Stand: 09.07.2022 | Archiv

Klaus Lemke beim Opening vom 34. Filmfest München 2016 im Mathäser Filmpalast | Bild: picture-alliance/dpa/Petra Schönberger/Geisler-Fotopress

Seit über fünfzig Jahren gehörte Klaus Lemkes Leben dem Film: als Autor, Darsteller, Regisseur, Produzent und Cutter. Mehr als fünfzig Filme hat Lemke veröffentlicht. Ebenso viele hat er abgebrochen und verworfen. Lemkes Karriere kannte alle Höhen und Tiefen einer erfolgsgetriebenen Branche.

"Naja, der Klaus is für mich wirklich so ein Asphalt Cowboy, so ein Revoluzzer auch. Der lasst sich nix g'fallen, hat halt seine eigenen Ideen."

(Dolly Dollar)

"Man könnte ihn eigentlich mit dem Rattenfänger von Hameln vergleichen. Er hat was von einem Rattenfänger. Man folgte ihm ganz gern. Er brauchte noch nicht mal auf seiner Flöte zu blasen."

(Wolfgang Fierek)

"Der Klaus ist eine gespaltene Persönlichkeit, denn er ist auf der einen Seite ein einsamer Wolf, auf der anderen Seite aber auch der Leitwolf, der immer auch das Rudel um sich herum braucht, obwohl er in der Mitte von seinem Rudel immer allein ist."

(Cleo Kretschmer)

Bildergalerie zu Lemkes Leben

Seit fünf Jahrzehnten in Schwabing verwurzelt

Im Mai 2015 - kurz vor den Aufnahmen zum Bayerischen Feuilleton - begannen die Dreharbeiten zu Klaus Lemkes 46. Film. Arbeitstitel: "Unterwäsche-Lügen". Schauplatz: Die Münchner Maxvorstadt und Schwabing. Wo sonst? Hier wohnte Lemke seit mehr als fünf Jahrzehnten, hier lagen seine filmischen Universitäten, hier entdeckte er Iris Berben, Dolly Dollar, Wolfang Fierek und Cleo Kretschmer, hier kannte er sich aus.

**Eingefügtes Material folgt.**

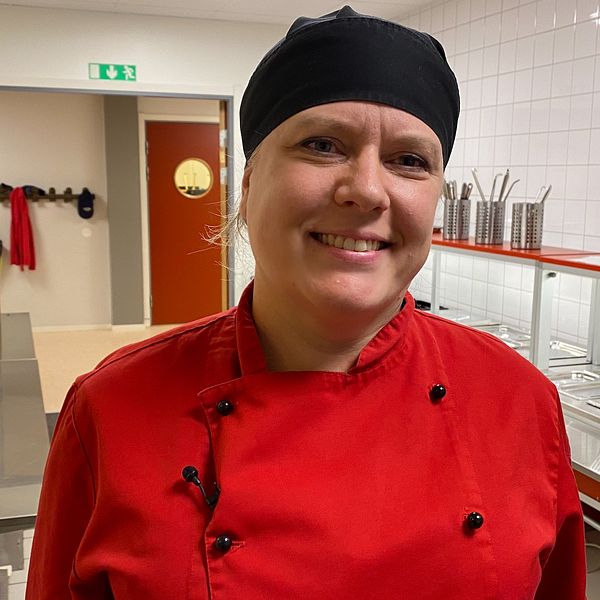 En kökschef med röd kockjacka och kolsvart kockmössa som jobbar i en skolmatsal i Gustafs.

Schwabinger Kult-Lokalitäten: Café "Capri" und die "Klappe"

"Café Capri war zunächst mal ein kleines spießiges Café direkt neben der Buchhandlung Lehmkuhl, wo absolut niemand hinging. Chef war Mister Del Faro, ehemals Chef-Barman auf einem italienischen Ocean Liner. Der hatte das nicht gern, wenn man an der Bar stand, aber hinsetzen wollte sich in dem Café auch niemand - in diese merkwürdige kleinbürgerliche italienische Atmosphäre."

(Klaus Lemke)

"Du hast dich ja nur ins Capri reinstellen brauchen, da sind ja die zukünftigen Stars ein und aus gelaufen, waren tolle Leute dabei. (…) Aber so in den 70er Jahren hat München wirklich geleuchtet, da war echt was los. Der Klaus war damals immer nur mit seiner Männergruppe unterwegs, das waren alles bärenstarke Typen, immer nur in Lederjacken, in Jeans und standen dann zu fünft am Tresen im Capri, und da musst‘ ich mich durchsetzen. Ich hab‘ mich dann einfach dazwischen gestellt und war halt auch da."

(Cleo Kretschmer)

"Im Capri benahm man sich ja anständig. Dann ging man später über die Leopoldstraße - und da war man schon in der Klappe, auf dem Minenfeld. Die Klappe war das Gegenteil vom Capri."

(Klaus Lemke)

Klaus Lemke über den Kult-Punk-Club "Klappe"

Lemkes Werk polarisierte

Doch so häufig die Milieus, die Darsteller, oder die Formen seiner Filme gewechselt haben mögen: Lemke ist sich über die Jahre erstaunlich treu geblieben. Ein Künstler mit Prinzipien. Ein Künstler, dessen Werk aber auch immer polarisierte. Denn Lemke galt manch einem als Dilettant, als ewiger Jungfilmer, dessen krude Erzeugnisse keinen Gestaltungswillen verraten. 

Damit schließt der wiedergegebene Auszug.